# Temperature thread..



## GrilledSteezeSandwich (Oct 21, 2007)

This warm weather is killing me it's 72 degrees outside..and I'm about to polish off a 40 ouncer and watch Warren Millers classic Ski Country..awesome old-school steeze.  It will only be 3-4 weeks until I ski, until then...post the temperature in your backyard and the first person to post a sub-freezing temperature gets a beer or sub $4 snack on me...


----------



## FRITOLAYGUY (Oct 21, 2007)

Hang in there Steeze, look at it like this you wouldnt be skiing this weekend unless you were in Denver where my buddy just called me with 6 inches of snow in his front yard, so you might as well enjoy the 75degrees instead of say 45 and inbetween where you cant do anything, ski, golf, etc.


----------



## ALLSKIING (Oct 21, 2007)

68 on the east end of LI


----------



## kingslug (Oct 21, 2007)

ALLSKIING said:


> 68 on the east end of LI



Which climbed to 76. At work we are still running two 500 ton chillers to cool the building.
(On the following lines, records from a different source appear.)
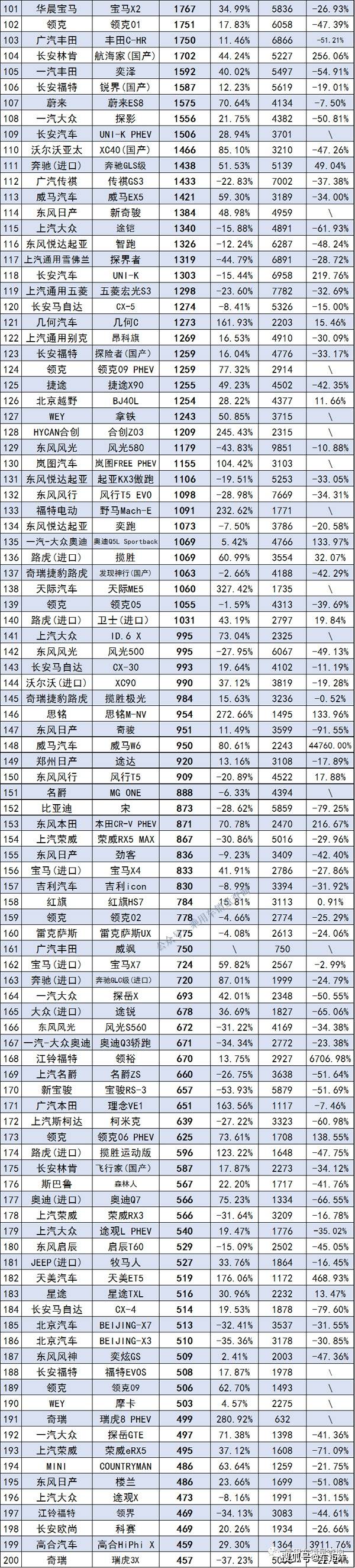 2018年12月suv销量排行_12月紧凑型suv销量排行_2022suv3月销量排行榜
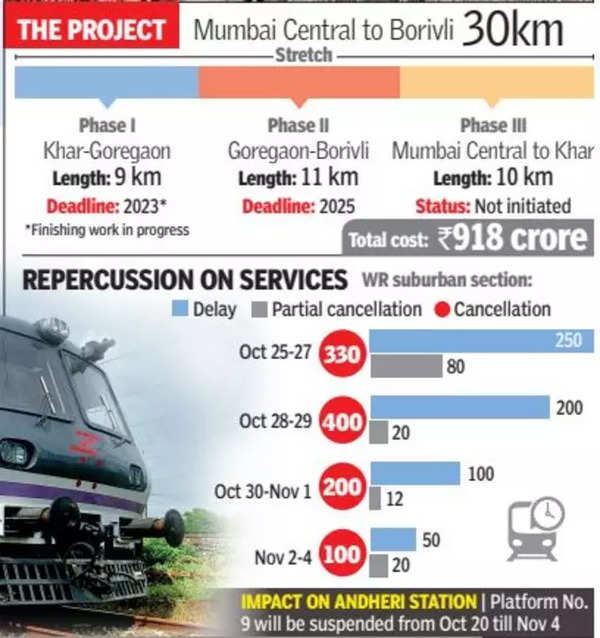 Mumbai Train Services Brace for 10 days of pain on WR from Oct 25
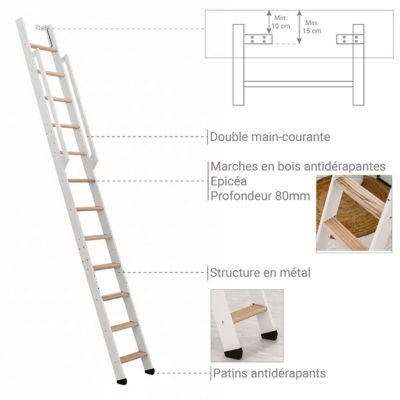 Echelle De Meunier Rabattablenull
By now we shouldn't have to run any. And if you are wondering what 1000 tons of AC is, it equals 12000000 BTU's.


----------



## ALLSKIING (Oct 21, 2007)

kingslug said:


> Which climbed to 76. At work we are still running two 500 ton chillers to cool the building. By now we shouldn't have to run any. And if you are wondering what 1000 tons of AC is, it equals 12000000 BTU's.
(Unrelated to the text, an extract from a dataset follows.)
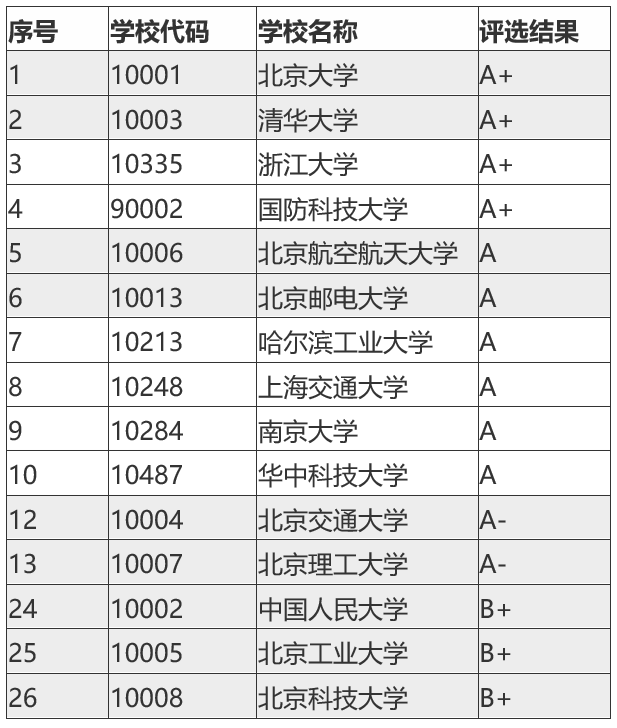 北京理工大学计算机学院（北京考生上清北的计算机专业究竟要考多少分）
Maybe up the island but not on the east end....It never hit 70.


----------



## MikeTrainor (Oct 21, 2007)

kingslug said:


> Which climbed to 76. At work we are still running two 500 ton chillers to cool the building. By now we shouldn't have to run any. And if you are wondering what 1000 tons of AC is, it equals 12000000 BTU's.



We have still been running our chiller at work too. Usually by this time of year we can just use make-up air(outside air) to cool the building. I can tell you chillers/compressors/ water pumps are expensive to run, over the last 5 years this is the latest we have gone with it.


----------



## ccskier (Oct 21, 2007)

I was in Ogunquit, ME this morning, temp was 66 at 9AM.  Got home back to Yarmouth, MA and temp was 75 this afternoon.  I was in VT last weekend and it was in the low 40's, that is more like it.


----------



## Mildcat (Oct 22, 2007)

GrilledSteezeSandwich said:


> This warm weather is killing me it's 72 degrees outside..and I'm about to polish off a 40 ouncer and watch Warren Millers classic Ski Country..awesome old-school steeze.  It will only be 3-4 weeks until I ski, until then...post the temperature in your backyard and the first person to post a sub-freezing temperature gets a beer or sub $4 snack on me...
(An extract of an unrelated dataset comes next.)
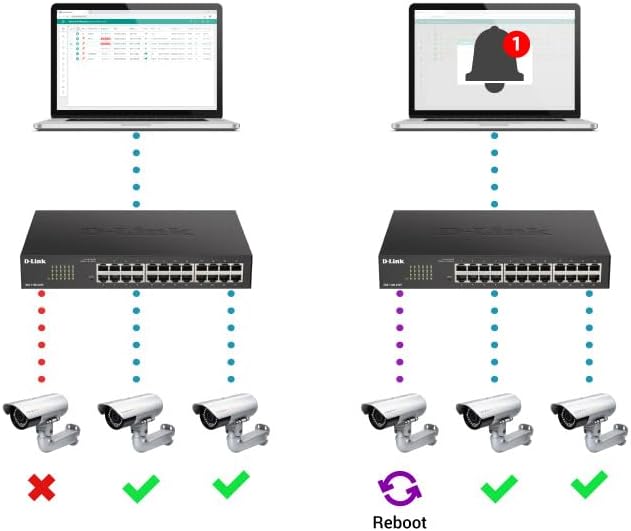 D-Link DGS-1100-05PDV2, 5-Port Layer 2 Gigabit PoE-powered PoE Smart Switch (3x 10/100/1000 Mbit/s B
If I lie and post that it is 30 degrees in Worcester do I still get a beer? ;-)


----------



## ajl50 (Oct 22, 2007)

THIS SUCKS. 

They are taking my fall away from me.  I can't handle it.  I'm so sick of hearing the news here go on and on about the GREAT weather we're having.Ohhh isn't this nice..it's 78 and sunny-- NO. It sucks.  Where are the COLD nights? The leave's haven't even changed colors. WTF?  I mean first winter gets shorter...and that stinks but I expected that.  But taking away fall? Are you kidding me? That's the last straw.  
I need to move...


----------



## GrilledSteezeSandwich (Oct 22, 2007)

OldsnowboarderME said:


> Why bother ?? He will just buy you some crappy PA beer ..:razz:





nah whatever beer he wants..I don't see any frost outside this morning..:-x


----------



## GrilledSteezeSandwich (Oct 22, 2007)

ajl50 said:


> THIS SUCKS.
> 
> They are taking my fall away from me.  I can't handle it.  I'm so sick of hearing the news here go on and on about the GREAT weather we're having.Ohhh isn't this nice..it's 78 and sunny-- NO. It sucks.  Where are the COLD nights? The leave's haven't even changed colors. WTF?  I mean first winter gets shorter...and that stinks but I expected that.  But taking away fall? Are you kidding me? That's the last straw.
> I need to move...





Maybe winter will be like fall..you do live in Philly and it's freakin warm down there..


----------



## hammer (Oct 22, 2007)

In the upper 40s this morning...definitely warmer than normal, but not summer-like.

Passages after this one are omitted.